Diet-induced Gut Microbiome and Colon Transcriptome Changes in C57BL/6J, C57BL/6N and HCA2-/- Mice

Abstract

Genetic variation drives phenotypic and gut microbiome diversity, while also regulating metabolism and immune responses. C57BL/6J and C57BL/6NCrl inbred mice strains have different metabolic phenotypes in response to diet-induced obesity (DIO), but the mechanism(s) behind this remains unclear. We found significant variation in diet-related hepatic steatosis, strain-dependent gut microbiota composition and time-determined colonic immune system activation between these two mice strains in response to an HFD challenge. Gut microbiome profiling demonstrated that B6N mice and B6J mice harbor different microbial communities after chow or high-fat diet feeding for 1, 6 or 12 weeks. Compared to B6N mice, B6J mice exhibited enrichment of inflammatory bowel disease-regulated microbiota, and depletion of protection taxa. These changes in microbial composition were associated with colon atrophy and goblet cell depletion in B6J mice. On analysis of the intestinal transcriptome of both strains, we found there were four pathways closely-related to colon dysfunction or disease development induced in B6J mice, including B cell function, primary immunodeficiency, inflammatory bowel disease and NF-κB pathway.

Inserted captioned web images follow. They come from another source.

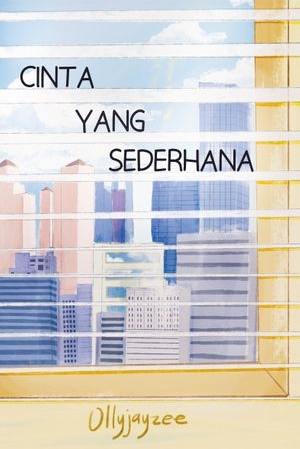 Cinta Yang Sederhana By Ollyjayzee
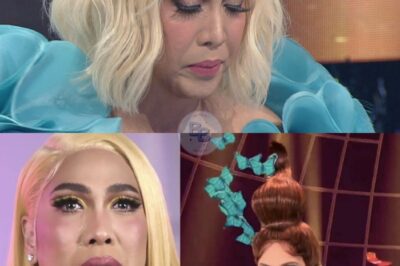 SOCIAL MEDIA ERUPTS! Marcoleta allegedly pointed to several showbiz personalities to be “pitted against” Vice Ganda—fueling nationwide buzz, speculation, and non-stop gossip!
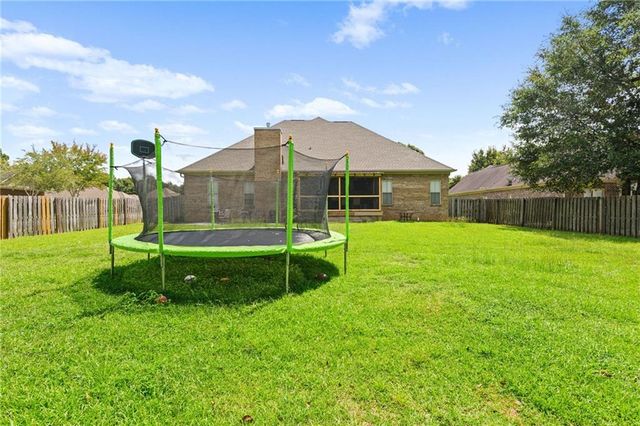 3360 Lockwood Drive W, Mobile, AL 36619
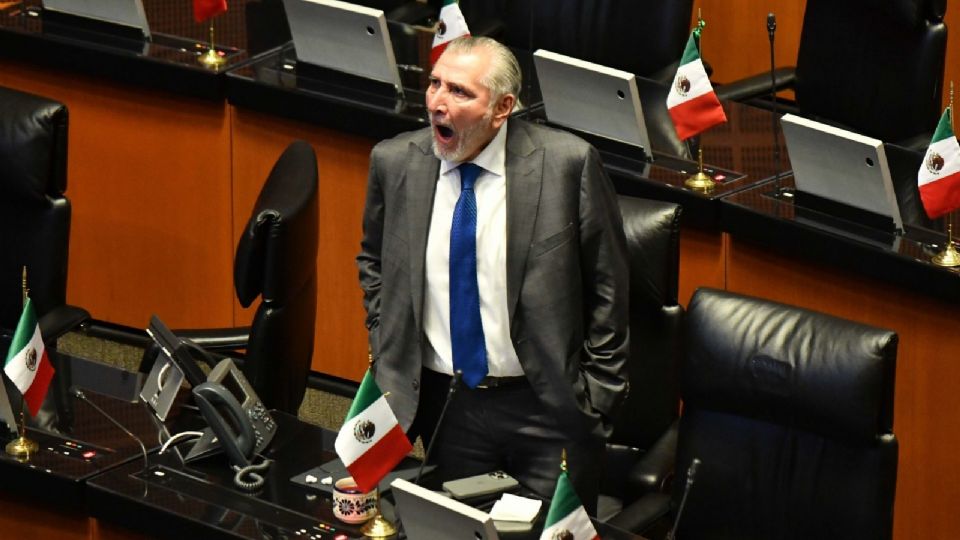 Señalaron que el coordinador parlamentario debe legitimarse con todos los integrantes del grupo parlamentario.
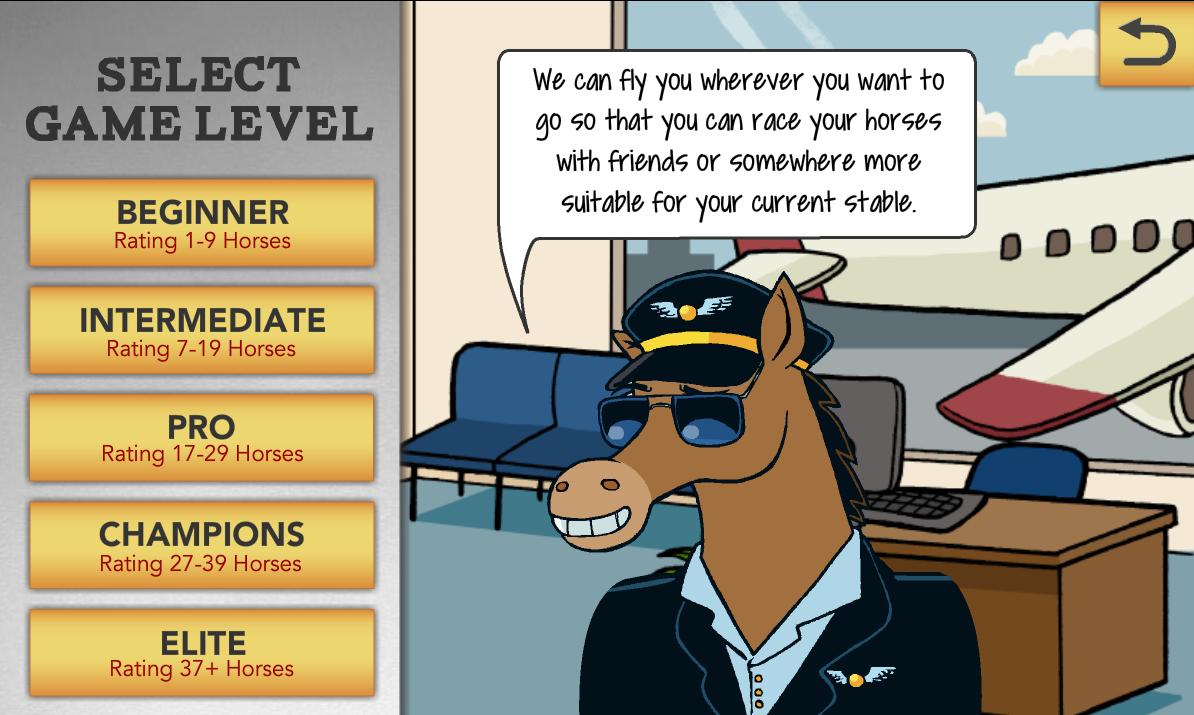 Перевод you can google. Black Horse with a Police cañ.
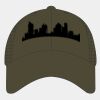 Mesh Back Cap Thumbnail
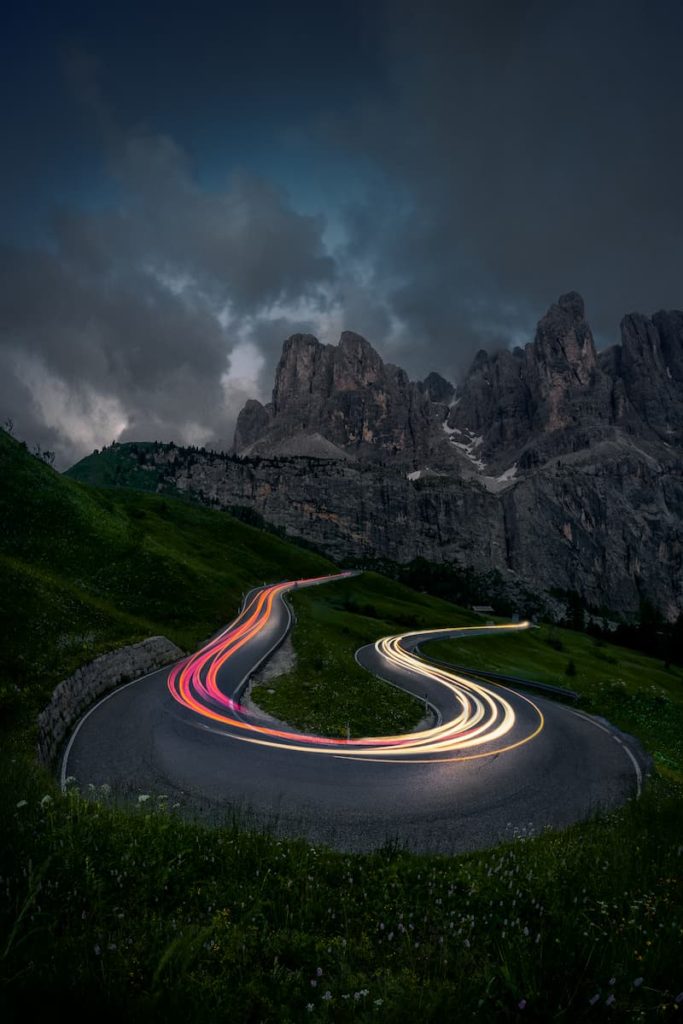 @stadtlandschaftfluss - Italian Dolomites Tobias Nussmann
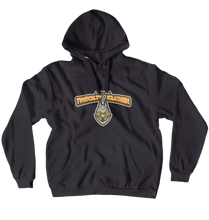 Hoodies (No-Zip/Pullover)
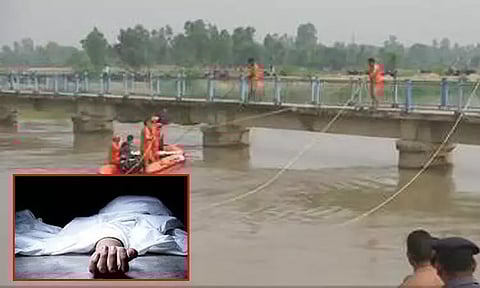 ரீல்ஸ் எடுக்க தோழிகளுடன் சுற்றுலா சென்ற இளம்பெண்ணுக்கு நேர்ந்த சோகம்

Overall, this study demonstrates that genetic factors in B6J and B6N mice strongly shape intestinal flora, resulting in protection from diet-induced colonic inflammation or induction of liver steatosis in C57BL/6NCrl mice. Dietary interventions can impact gut microbiome composition, intestinal and systemic immune system function, and the pathophysiology of inflammatory disorders. Increasing body of evidence indicates that fermentable fiber protectives the intestine when exposed to various dietary challenges. However, the potential mechanism(s) responsible for this beneficial effect is unclear. In this study, we demonstrated that low fiber-induced colon atrophy is associated with alteration in gut microbiome composition and inhibition of meiotic cell cycle and nuclear division in WT mice. Surprisingly, in HCA2-/- mice, lack of dietary fiber did not result in the same degree of colon atrophy that was observed in WT mice. This effect on colon atrophy was associated with an HCA2 deficiency-induced immune activation and depletion of pathogenic gut microbiota. However, diets lacking fiber still induced inflammation in HCA2-/- mice, further supporting the important role of fermentable fiber in maintaining colon health.